3. preparation method as described in claim 1, it is characterised in that this method carries out in accordance with the following steps:

(1) lignin nitric acid treatment: nitric acid oxido-degradation lignin is cut to lignin segment.

(2) hydrothermal carbonization: the lignin after nitric acid oxidation being placed in 180 DEG C of baking ovens and reacts 12h, reaction solution is diluted, dialysis To remove remaining acid and other impurity metal ions, by reducing the reaction time, it is bigger (average that size can be prepared Partial size is 4.40nm) graphene quantum dot, while there is red shift in its fluorescence emission wavelengths.

4. processing method as claimed in claim 3, it is characterised in that the inorganic acid is selected from nitric acid, sulfuric acid, phosphoric acid, preferably Nitric acid.

5. nitric acid treatment method as claimed in claim 3, it is characterised in that the processing time be selected from 30min, 1h, 3h, 6h, 9h, 12h, preferably 12h.

6. processing method as claimed in claim 3, it is characterised in that the reaction temperature is selected from 160 DEG C, 180 DEG C, 200 DEG C, preferably 180 DEG C.

7. difference size graphite alkene quantum dot as claimed in claim 3, it is characterised in that its fluorescence property and its size Closely related, size is bigger, and fluorescence emission wavelengths red shift is bigger, which can be widely applied in different field.

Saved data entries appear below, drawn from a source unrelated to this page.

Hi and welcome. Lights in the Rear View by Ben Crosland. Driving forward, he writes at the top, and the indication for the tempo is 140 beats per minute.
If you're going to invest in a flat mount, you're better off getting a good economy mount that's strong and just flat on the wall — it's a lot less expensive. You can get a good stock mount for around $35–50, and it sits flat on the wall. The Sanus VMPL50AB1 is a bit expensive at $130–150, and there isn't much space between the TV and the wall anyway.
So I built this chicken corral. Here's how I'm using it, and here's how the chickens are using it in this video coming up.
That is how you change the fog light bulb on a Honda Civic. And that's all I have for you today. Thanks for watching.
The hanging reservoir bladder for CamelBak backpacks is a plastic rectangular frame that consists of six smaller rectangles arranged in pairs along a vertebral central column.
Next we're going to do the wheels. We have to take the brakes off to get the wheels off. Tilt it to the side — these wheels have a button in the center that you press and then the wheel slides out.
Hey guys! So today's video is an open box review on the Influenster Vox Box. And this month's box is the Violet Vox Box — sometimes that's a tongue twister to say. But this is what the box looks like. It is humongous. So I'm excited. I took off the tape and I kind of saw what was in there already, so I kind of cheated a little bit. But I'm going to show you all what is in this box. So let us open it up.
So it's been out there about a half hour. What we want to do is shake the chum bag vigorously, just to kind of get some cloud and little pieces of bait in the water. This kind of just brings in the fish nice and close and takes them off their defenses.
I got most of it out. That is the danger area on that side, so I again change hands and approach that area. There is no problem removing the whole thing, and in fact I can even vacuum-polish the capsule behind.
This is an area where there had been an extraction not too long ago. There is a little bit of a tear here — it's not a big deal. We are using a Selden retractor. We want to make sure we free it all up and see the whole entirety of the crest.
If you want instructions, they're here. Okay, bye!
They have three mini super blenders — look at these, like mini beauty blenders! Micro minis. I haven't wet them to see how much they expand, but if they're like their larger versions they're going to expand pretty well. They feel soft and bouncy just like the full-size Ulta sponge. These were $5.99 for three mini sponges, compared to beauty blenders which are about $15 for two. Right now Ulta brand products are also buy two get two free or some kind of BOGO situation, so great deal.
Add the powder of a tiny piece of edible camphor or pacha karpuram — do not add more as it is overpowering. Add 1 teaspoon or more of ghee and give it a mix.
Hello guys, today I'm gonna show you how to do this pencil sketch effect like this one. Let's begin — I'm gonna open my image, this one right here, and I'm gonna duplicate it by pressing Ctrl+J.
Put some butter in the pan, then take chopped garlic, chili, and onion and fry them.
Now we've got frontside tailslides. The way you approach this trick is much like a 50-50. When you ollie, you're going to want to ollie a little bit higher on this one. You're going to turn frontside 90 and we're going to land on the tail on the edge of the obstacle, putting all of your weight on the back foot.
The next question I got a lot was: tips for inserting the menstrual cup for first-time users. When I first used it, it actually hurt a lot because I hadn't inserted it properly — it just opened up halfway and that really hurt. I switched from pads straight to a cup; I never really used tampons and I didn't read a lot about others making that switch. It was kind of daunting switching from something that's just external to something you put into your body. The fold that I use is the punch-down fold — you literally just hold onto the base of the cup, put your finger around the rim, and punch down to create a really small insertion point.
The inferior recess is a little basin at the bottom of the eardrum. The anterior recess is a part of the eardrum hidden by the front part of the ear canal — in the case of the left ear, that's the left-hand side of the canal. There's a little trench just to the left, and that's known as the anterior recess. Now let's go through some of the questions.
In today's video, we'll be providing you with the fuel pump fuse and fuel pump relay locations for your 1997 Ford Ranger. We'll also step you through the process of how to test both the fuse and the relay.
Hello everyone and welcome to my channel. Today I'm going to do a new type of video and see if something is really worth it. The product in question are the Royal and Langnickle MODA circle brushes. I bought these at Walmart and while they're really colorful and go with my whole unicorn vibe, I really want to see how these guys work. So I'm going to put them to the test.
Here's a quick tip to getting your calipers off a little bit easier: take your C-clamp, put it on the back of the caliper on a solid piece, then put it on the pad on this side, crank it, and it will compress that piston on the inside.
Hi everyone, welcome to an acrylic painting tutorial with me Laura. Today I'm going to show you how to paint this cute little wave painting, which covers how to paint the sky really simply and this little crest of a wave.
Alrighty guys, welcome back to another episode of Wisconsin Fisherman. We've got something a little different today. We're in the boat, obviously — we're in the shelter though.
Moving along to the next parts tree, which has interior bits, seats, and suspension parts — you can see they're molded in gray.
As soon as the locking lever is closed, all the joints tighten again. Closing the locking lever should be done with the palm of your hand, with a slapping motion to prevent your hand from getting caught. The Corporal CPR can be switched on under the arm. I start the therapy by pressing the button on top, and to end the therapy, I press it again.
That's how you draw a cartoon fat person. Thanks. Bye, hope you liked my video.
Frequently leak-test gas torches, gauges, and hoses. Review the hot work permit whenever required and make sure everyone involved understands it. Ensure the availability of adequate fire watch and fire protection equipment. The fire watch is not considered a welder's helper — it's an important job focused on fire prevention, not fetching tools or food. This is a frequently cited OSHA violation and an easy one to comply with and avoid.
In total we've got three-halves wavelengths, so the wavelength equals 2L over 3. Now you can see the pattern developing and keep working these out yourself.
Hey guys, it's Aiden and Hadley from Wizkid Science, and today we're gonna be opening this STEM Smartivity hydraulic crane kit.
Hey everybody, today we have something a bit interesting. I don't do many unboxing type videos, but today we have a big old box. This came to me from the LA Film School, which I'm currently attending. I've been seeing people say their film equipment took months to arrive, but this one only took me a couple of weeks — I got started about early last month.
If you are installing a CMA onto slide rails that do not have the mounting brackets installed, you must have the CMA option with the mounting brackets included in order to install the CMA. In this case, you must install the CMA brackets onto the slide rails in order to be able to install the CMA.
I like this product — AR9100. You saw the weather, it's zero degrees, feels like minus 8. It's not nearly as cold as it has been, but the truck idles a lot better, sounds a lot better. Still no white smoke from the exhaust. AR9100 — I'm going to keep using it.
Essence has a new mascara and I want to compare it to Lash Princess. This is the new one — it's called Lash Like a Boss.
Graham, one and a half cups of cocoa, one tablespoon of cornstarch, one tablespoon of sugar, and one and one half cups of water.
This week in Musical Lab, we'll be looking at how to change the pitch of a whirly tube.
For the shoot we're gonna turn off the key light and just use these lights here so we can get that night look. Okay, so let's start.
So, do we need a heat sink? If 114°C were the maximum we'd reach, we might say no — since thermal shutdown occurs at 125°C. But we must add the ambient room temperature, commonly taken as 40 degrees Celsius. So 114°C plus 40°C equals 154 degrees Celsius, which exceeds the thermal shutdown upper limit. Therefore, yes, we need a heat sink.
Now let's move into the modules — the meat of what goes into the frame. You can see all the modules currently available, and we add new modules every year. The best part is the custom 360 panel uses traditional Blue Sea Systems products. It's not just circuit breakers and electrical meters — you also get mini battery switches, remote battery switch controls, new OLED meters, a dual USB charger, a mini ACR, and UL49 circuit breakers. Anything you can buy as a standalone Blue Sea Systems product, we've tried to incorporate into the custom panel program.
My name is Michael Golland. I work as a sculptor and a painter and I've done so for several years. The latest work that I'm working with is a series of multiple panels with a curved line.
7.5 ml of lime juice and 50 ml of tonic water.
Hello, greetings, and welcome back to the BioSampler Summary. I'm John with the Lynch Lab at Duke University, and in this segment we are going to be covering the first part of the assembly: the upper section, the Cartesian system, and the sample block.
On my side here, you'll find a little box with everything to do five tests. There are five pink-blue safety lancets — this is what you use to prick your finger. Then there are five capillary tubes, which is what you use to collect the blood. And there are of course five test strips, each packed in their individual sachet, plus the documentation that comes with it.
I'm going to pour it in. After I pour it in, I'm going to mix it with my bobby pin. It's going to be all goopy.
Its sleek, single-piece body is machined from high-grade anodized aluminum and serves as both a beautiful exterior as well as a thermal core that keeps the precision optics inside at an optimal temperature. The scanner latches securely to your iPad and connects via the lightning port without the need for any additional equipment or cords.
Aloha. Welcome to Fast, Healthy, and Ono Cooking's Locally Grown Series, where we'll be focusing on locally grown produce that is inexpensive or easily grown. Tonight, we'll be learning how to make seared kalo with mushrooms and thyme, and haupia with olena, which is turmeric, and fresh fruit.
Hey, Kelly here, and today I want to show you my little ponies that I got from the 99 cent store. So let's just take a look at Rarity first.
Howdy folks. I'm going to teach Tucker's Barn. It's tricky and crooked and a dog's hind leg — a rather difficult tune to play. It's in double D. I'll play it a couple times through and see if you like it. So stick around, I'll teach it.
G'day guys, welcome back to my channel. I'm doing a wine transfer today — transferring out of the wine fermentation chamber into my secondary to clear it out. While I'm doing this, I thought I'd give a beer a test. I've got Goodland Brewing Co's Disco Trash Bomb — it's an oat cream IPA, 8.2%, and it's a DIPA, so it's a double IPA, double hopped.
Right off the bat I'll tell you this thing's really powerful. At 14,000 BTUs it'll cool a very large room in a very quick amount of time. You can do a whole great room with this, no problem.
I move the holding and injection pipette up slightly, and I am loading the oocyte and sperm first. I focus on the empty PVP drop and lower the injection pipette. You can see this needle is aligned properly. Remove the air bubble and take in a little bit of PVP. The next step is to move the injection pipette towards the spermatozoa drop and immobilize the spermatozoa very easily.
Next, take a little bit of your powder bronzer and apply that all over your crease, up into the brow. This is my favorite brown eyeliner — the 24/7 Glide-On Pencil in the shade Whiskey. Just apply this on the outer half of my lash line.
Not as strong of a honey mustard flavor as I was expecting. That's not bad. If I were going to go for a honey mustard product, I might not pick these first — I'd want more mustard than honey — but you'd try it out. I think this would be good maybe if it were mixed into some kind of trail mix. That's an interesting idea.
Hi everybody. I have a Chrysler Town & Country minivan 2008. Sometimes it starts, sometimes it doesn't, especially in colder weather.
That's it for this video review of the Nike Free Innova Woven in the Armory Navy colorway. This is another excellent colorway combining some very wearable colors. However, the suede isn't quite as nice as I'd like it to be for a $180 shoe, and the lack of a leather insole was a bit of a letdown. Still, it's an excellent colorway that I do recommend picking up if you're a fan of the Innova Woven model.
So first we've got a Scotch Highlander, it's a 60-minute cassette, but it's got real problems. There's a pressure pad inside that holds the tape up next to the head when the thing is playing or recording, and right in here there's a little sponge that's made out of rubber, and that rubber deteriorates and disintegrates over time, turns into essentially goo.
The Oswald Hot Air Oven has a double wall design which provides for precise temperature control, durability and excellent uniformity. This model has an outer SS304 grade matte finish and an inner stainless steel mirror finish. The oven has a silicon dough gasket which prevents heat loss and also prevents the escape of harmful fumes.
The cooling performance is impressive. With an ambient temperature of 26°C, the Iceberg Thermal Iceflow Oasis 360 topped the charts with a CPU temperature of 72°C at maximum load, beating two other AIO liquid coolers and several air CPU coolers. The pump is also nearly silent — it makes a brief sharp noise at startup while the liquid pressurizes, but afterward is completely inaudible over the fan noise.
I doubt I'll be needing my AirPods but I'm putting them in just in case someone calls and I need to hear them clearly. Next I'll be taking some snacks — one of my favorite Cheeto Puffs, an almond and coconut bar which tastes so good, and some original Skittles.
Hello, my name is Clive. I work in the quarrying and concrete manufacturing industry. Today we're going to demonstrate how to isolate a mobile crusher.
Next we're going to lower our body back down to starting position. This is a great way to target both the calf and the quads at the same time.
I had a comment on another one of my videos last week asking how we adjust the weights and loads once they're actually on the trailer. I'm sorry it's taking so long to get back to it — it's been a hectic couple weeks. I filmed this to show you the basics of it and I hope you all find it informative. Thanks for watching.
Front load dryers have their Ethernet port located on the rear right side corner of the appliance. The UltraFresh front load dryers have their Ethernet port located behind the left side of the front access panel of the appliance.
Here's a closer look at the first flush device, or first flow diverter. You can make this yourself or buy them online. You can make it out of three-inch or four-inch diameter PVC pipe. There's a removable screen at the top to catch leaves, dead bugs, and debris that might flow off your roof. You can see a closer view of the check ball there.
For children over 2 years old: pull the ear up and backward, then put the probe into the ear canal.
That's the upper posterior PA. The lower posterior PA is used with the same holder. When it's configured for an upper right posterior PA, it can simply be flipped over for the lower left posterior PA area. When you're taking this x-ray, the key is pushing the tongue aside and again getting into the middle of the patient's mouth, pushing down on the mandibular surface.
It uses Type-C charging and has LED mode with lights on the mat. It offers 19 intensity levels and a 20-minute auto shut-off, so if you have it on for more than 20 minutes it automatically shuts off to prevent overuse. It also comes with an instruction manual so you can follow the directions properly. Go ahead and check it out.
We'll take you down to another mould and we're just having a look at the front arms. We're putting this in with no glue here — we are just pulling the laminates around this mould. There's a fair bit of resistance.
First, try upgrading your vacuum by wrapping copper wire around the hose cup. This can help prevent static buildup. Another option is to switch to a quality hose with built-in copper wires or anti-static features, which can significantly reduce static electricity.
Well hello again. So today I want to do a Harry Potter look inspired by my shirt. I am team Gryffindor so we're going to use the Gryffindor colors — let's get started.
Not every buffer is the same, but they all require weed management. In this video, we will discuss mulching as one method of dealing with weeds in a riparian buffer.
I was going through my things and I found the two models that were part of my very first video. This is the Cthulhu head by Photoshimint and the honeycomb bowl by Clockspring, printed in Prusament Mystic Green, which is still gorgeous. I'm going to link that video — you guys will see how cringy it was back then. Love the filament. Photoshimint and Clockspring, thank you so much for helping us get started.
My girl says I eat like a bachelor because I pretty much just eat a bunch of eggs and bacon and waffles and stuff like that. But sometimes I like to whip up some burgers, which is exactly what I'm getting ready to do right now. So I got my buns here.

8. the graphene quantum dot of method preparation as claimed in claim 3, it is characterised in that its quantum yield is up to 22%, There is up-conversion luminescence property in near-infrared region, this has important application value to bio-imaging.

9. the graphene quantum dot of method preparation as claimed in claim 3, it is characterised in that its best pH value is 7, this correspondence It is had potential application for people or other mammals.

10. the graphene quantum dot of method preparation as claimed in claim 3, it is characterised in that its best pH value is 7, this correspondence It is had potential application for people or other mammals.

11. the graphene quantum dot of method preparation as claimed in claim 3, it is characterised in that in alkaline condition, fluorescence is not strong for it Degree variation is little, but Strength Changes are larger in acid condition, can be used in acid PH response apparatus.